BEGIN Source data

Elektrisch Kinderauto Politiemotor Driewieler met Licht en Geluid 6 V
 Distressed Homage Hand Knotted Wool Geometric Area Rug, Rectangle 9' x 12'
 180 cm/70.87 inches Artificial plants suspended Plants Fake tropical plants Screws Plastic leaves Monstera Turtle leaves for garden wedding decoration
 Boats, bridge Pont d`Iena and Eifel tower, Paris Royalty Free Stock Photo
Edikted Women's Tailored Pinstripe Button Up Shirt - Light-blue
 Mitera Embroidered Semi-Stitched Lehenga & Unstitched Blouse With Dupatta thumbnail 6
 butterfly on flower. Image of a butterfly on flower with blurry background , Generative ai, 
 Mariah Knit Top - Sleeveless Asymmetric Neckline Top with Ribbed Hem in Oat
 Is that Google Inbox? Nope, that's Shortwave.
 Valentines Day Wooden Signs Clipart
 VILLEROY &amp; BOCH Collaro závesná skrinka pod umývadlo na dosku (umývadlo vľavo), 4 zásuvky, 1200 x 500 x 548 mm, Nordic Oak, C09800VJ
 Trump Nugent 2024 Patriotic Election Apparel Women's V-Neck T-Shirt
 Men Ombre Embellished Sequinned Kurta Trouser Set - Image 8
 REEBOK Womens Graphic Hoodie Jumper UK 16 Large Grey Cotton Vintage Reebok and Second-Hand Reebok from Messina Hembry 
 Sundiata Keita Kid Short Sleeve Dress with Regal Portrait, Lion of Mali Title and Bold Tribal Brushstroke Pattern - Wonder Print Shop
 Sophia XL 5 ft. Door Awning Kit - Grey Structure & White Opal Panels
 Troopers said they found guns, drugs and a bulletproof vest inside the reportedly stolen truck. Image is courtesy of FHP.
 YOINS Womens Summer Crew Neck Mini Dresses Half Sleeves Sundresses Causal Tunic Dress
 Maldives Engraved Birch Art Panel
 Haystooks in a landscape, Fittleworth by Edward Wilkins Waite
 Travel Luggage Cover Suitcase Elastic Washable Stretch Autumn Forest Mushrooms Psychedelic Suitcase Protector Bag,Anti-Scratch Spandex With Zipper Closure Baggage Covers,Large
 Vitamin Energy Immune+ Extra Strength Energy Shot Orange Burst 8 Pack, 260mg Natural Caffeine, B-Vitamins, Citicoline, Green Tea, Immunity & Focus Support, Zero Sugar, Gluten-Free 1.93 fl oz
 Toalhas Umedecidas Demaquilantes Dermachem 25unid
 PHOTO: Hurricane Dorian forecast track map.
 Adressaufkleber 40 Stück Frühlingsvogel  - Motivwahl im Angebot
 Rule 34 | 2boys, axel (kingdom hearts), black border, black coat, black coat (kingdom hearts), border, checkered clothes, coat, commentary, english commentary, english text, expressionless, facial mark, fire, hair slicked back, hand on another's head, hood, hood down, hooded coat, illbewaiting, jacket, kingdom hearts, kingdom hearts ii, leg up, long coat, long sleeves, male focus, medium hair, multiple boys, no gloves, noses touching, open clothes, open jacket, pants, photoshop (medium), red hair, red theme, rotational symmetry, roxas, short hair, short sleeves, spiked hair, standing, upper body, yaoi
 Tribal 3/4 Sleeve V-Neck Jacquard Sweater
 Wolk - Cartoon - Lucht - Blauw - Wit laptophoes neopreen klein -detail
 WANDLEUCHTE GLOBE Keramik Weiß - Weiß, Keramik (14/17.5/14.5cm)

END Source data

Goal of the exercise:
Write out all the data exactly.

Output of the exercise:
Elektrisch Kinderauto Politiemotor Driewieler met Licht en Geluid 6 V
 Distressed Homage Hand Knotted Wool Geometric Area Rug, Rectangle 9' x 12'
 180 cm/70.87 inches Artificial plants suspended Plants Fake tropical plants Screws Plastic leaves Monstera Turtle leaves for garden wedding decoration
 Boats, bridge Pont d`Iena and Eifel tower, Paris Royalty Free Stock Photo
Edikted Women's Tailored Pinstripe Button Up Shirt - Light-blue
 Mitera Embroidered Semi-Stitched Lehenga & Unstitched Blouse With Dupatta thumbnail 6
 butterfly on flower. Image of a butterfly on flower with blurry background , Generative ai, 
 Mariah Knit Top - Sleeveless Asymmetric Neckline Top with Ribbed Hem in Oat
 Is that Google Inbox? Nope, that's Shortwave.
 Valentines Day Wooden Signs Clipart
 VILLEROY &amp; BOCH Collaro závesná skrinka pod umývadlo na dosku (umývadlo vľavo), 4 zásuvky, 1200 x 500 x 548 mm, Nordic Oak, C09800VJ
 Trump Nugent 2024 Patriotic Election Apparel Women's V-Neck T-Shirt
 Men Ombre Embellished Sequinned Kurta Trouser Set - Image 8
 REEBOK Womens Graphic Hoodie Jumper UK 16 Large Grey Cotton Vintage Reebok and Second-Hand Reebok from Messina Hembry 
 Sundiata Keita Kid Short Sleeve Dress with Regal Portrait, Lion of Mali Title and Bold Tribal Brushstroke Pattern - Wonder Print Shop
 Sophia XL 5 ft. Door Awning Kit - Grey Structure & White Opal Panels
 Troopers said they found guns, drugs and a bulletproof vest inside the reportedly stolen truck. Image is courtesy of FHP.
 YOINS Womens Summer Crew Neck Mini Dresses Half Sleeves Sundresses Causal Tunic Dress
 Maldives Engraved Birch Art Panel
 Haystooks in a landscape, Fittleworth by Edward Wilkins Waite
 Travel Luggage Cover Suitcase Elastic Washable Stretch Autumn Forest Mushrooms Psychedelic Suitcase Protector Bag,Anti-Scratch Spandex With Zipper Closure Baggage Covers,Large
 Vitamin Energy Immune+ Extra Strength Energy Shot Orange Burst 8 Pack, 260mg Natural Caffeine, B-Vitamins, Citicoline, Green Tea, Immunity & Focus Support, Zero Sugar, Gluten-Free 1.93 fl oz
 Toalhas Umedecidas Demaquilantes Dermachem 25unid
 PHOTO: Hurricane Dorian forecast track map.
 Adressaufkleber 40 Stück Frühlingsvogel  - Motivwahl im Angebot
 Rule 34 | 2boys, axel (kingdom hearts), black border, black coat, black coat (kingdom hearts), border, checkered clothes, coat, commentary, english commentary, english text, expressionless, facial mark, fire, hair slicked back, hand on another's head, hood, hood down, hooded coat, illbewaiting, jacket, kingdom hearts, kingdom hearts ii, leg up, long coat, long sleeves, male focus, medium hair, multiple boys, no gloves, noses touching, open clothes, open jacket, pants, photoshop (medium), red hair, red theme, rotational symmetry, roxas, short hair, short sleeves, spiked hair, standing, upper body, yaoi
 Tribal 3/4 Sleeve V-Neck Jacquard Sweater
 Wolk - Cartoon - Lucht - Blauw - Wit laptophoes neopreen klein -detail
 WANDLEUCHTE GLOBE Keramik Weiß - Weiß, Keramik (14/17.5/14.5cm)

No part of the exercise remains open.